Does using msys mean you avoid that horrible detour?
Yeah there's actually a method that uses Gnu for windows and installs software called Msys which does all of that for you using the command line. I can pass someone else the code so they can make sure people have access to it. I can still see it, but github just won't let me show it to others. Right now I just need other peoples take on the code and get as many issues as I can so I can solve them and make this easy for everyone. Until that happens, you can do this:
follow this thread to get the right installs and just ask some Ai to give you what's missing
https://stackoverflow.com/questions/47379214/step-by-step-instruction-to-install-rust-and-cargo-for-mingw-with-msys2
Rust does come with a linker (rust-lld.exe) that can be used as a replacement for the MSVC one (link.exe) but it isn't used by default. I'd love it if it were. However, it's not just the linker. Some libraries are also required and the licensing means we can't bundle them with rust or even download just the necessary libraries. Visual Studio is the only way to obtain them without violating the license.
The windows-gnu targets use mingw, which is a permissively licensed OSS alternative
It should be noted that the two toolchains are not equivalent. The -msvc one will use Microsoft's ABIs, while the -gnu will use GNU's ABIs. This can cause incompatibilities when linking to external libraries (including system ones) that are built with a different ABI than the one you are using.
I believe the main difference in ABI is that MinGW doesn't support short import libraries, so you need different import libraries. The calling convention should be identical outside of some edge cases like zero sized arguments (which C doesn't officially allow). If you are trying to pass libc types like FILE * to a library with the wrong ABI you also hit issues, but the same would happen if you pass it to an MSVC compiled library that links against a different version of msvcrt even with the MSVC target.

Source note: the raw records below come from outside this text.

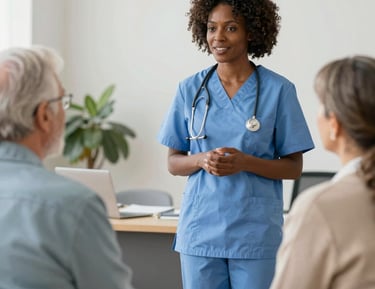 A compassionate nurse advocating for a family in a cozy home setting.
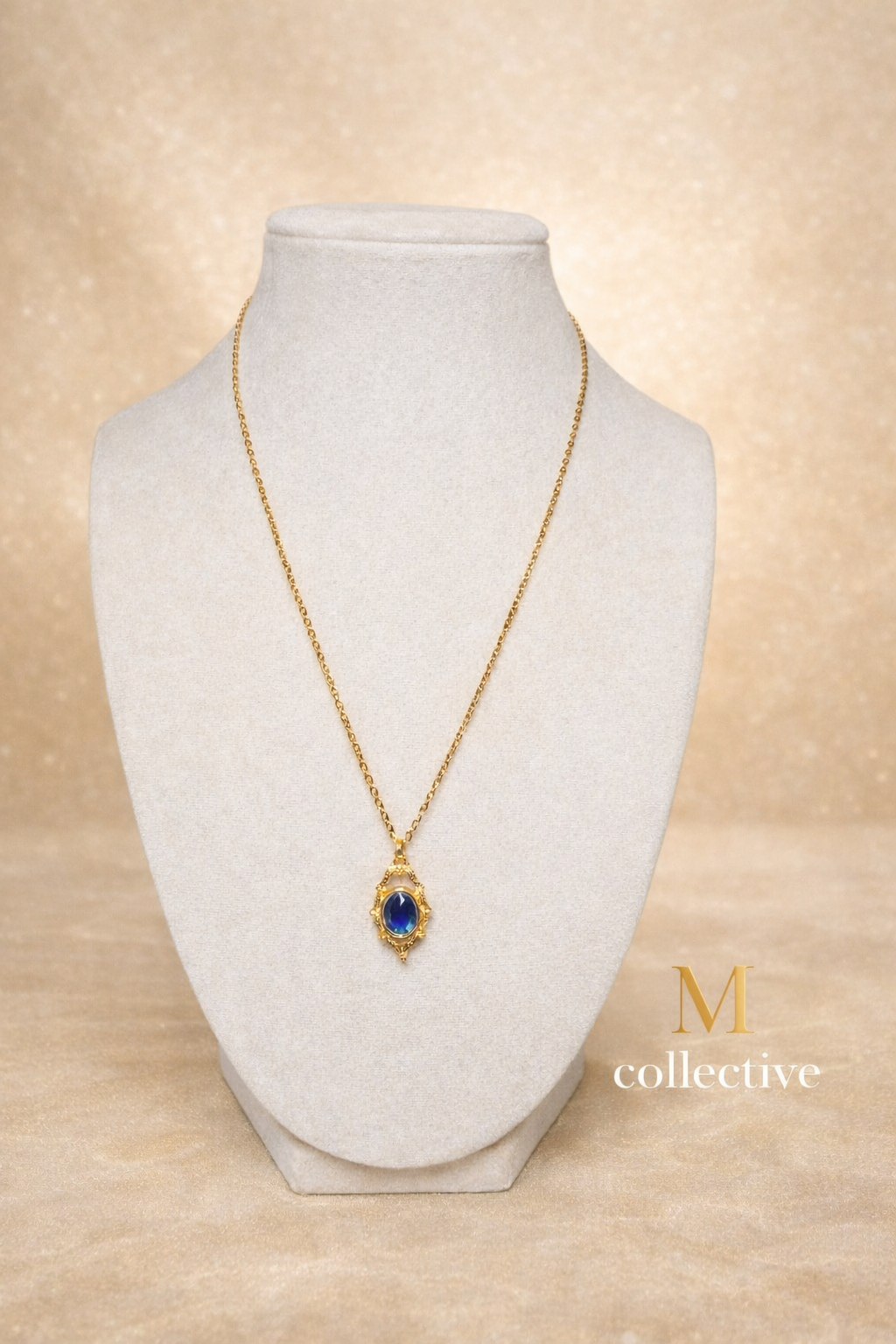 Royal Sapphire Pendant Necklace – Gold Luxe Statement | M Collective™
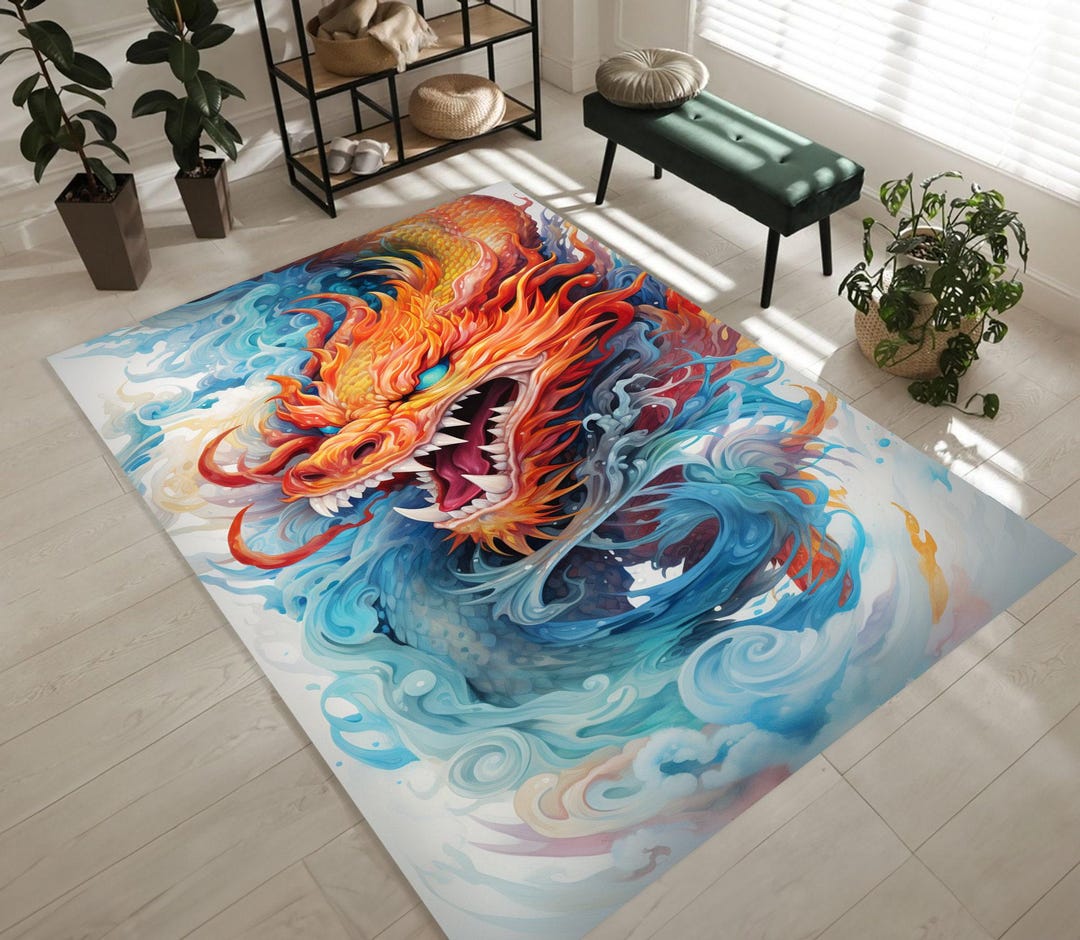 Drax Rugs Dragon Area Rug, Bright Ethnic Kids Room Decor - Etsy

The MinGW targets use the Windows system libraries compiled with MSVC just fine.
I'm not gonna wait for github to get back to me about getting all the stuff back up. So I just used one of my other ones to get this library up for people to use. If you have issues then drop em in the issues on this page. I'll still respond
you're definitely right about this. Doing this method initially I had problems with a library called zoxide and had to install it manually through msys rather than through the cmd.
It's not yet possible to override linkage in dependencies (especially if that dependency is std) so progress on raw-dylib is moving ahead very cautiously. We do need to make sure everything is perfect before we make the switch.
But that's the easy part. The hard part is panic handling. Rust (understandably) took the decision to reuse the whole C++ exception infrastructure which means we have a hard dependency on their exception libraries. We'd either need to reverse engineer it or else implement our own thing. The former is not ever going to happen (lol) and the latter may need to be a new target (and would need compiler support for SEH handling, which admittedly I'd love to have regardless).
Having said the above, an issue just cropped up which would justify implementing our own exception personality on the msvc targets. So, touch wood, this may be a way toward having an msvc toolchain without the msvc.